(Beginning of ENTRIES PROVIDED)

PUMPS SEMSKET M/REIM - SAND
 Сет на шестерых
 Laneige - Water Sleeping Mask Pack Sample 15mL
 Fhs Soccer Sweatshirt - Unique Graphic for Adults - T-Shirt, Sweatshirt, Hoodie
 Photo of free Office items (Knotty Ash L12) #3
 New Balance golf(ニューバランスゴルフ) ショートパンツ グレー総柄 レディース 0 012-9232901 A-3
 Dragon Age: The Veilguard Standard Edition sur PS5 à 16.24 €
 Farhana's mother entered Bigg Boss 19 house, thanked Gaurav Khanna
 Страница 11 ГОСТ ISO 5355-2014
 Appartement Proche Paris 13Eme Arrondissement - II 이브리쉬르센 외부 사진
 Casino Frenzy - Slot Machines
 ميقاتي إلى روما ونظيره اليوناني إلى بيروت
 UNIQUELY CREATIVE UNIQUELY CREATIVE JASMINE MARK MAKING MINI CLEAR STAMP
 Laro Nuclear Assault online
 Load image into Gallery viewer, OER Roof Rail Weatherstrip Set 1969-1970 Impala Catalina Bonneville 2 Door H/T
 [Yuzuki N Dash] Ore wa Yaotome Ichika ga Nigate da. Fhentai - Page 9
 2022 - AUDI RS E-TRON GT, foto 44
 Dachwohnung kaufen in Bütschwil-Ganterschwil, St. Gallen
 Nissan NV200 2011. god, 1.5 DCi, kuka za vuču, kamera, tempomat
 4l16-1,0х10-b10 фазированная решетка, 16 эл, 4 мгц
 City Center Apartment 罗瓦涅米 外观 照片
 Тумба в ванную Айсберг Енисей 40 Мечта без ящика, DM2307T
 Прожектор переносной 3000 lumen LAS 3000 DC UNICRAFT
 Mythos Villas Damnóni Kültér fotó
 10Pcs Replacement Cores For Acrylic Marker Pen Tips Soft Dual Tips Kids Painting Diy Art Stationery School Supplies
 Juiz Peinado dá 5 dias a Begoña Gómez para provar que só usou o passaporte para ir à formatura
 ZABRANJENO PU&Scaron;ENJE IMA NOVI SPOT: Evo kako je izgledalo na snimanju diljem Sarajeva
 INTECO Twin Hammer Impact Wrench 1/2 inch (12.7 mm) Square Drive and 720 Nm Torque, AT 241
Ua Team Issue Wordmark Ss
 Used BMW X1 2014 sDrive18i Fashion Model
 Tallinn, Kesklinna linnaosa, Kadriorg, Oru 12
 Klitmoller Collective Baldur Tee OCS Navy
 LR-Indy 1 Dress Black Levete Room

(End of ENTRIES PROVIDED)

- WHAT YOU NEED TO DO:
In full and without change, transcribe the entries.

- ANSWER:
PUMPS SEMSKET M/REIM - SAND
 Сет на шестерых
 Laneige - Water Sleeping Mask Pack Sample 15mL
 Fhs Soccer Sweatshirt - Unique Graphic for Adults - T-Shirt, Sweatshirt, Hoodie
 Photo of free Office items (Knotty Ash L12) #3
 New Balance golf(ニューバランスゴルフ) ショートパンツ グレー総柄 レディース 0 012-9232901 A-3
 Dragon Age: The Veilguard Standard Edition sur PS5 à 16.24 €
 Farhana's mother entered Bigg Boss 19 house, thanked Gaurav Khanna
 Страница 11 ГОСТ ISO 5355-2014
 Appartement Proche Paris 13Eme Arrondissement - II 이브리쉬르센 외부 사진
 Casino Frenzy - Slot Machines
 ميقاتي إلى روما ونظيره اليوناني إلى بيروت
 UNIQUELY CREATIVE UNIQUELY CREATIVE JASMINE MARK MAKING MINI CLEAR STAMP
 Laro Nuclear Assault online
 Load image into Gallery viewer, OER Roof Rail Weatherstrip Set 1969-1970 Impala Catalina Bonneville 2 Door H/T
 [Yuzuki N Dash] Ore wa Yaotome Ichika ga Nigate da. Fhentai - Page 9
 2022 - AUDI RS E-TRON GT, foto 44
 Dachwohnung kaufen in Bütschwil-Ganterschwil, St. Gallen
 Nissan NV200 2011. god, 1.5 DCi, kuka za vuču, kamera, tempomat
 4l16-1,0х10-b10 фазированная решетка, 16 эл, 4 мгц
 City Center Apartment 罗瓦涅米 外观 照片
 Тумба в ванную Айсберг Енисей 40 Мечта без ящика, DM2307T
 Прожектор переносной 3000 lumen LAS 3000 DC UNICRAFT
 Mythos Villas Damnóni Kültér fotó
 10Pcs Replacement Cores For Acrylic Marker Pen Tips Soft Dual Tips Kids Painting Diy Art Stationery School Supplies
 Juiz Peinado dá 5 dias a Begoña Gómez para provar que só usou o passaporte para ir à formatura
 ZABRANJENO PU&Scaron;ENJE IMA NOVI SPOT: Evo kako je izgledalo na snimanju diljem Sarajeva
 INTECO Twin Hammer Impact Wrench 1/2 inch (12.7 mm) Square Drive and 720 Nm Torque, AT 241
Ua Team Issue Wordmark Ss
 Used BMW X1 2014 sDrive18i Fashion Model
 Tallinn, Kesklinna linnaosa, Kadriorg, Oru 12
 Klitmoller Collective Baldur Tee OCS Navy
 LR-Indy 1 Dress Black Levete Room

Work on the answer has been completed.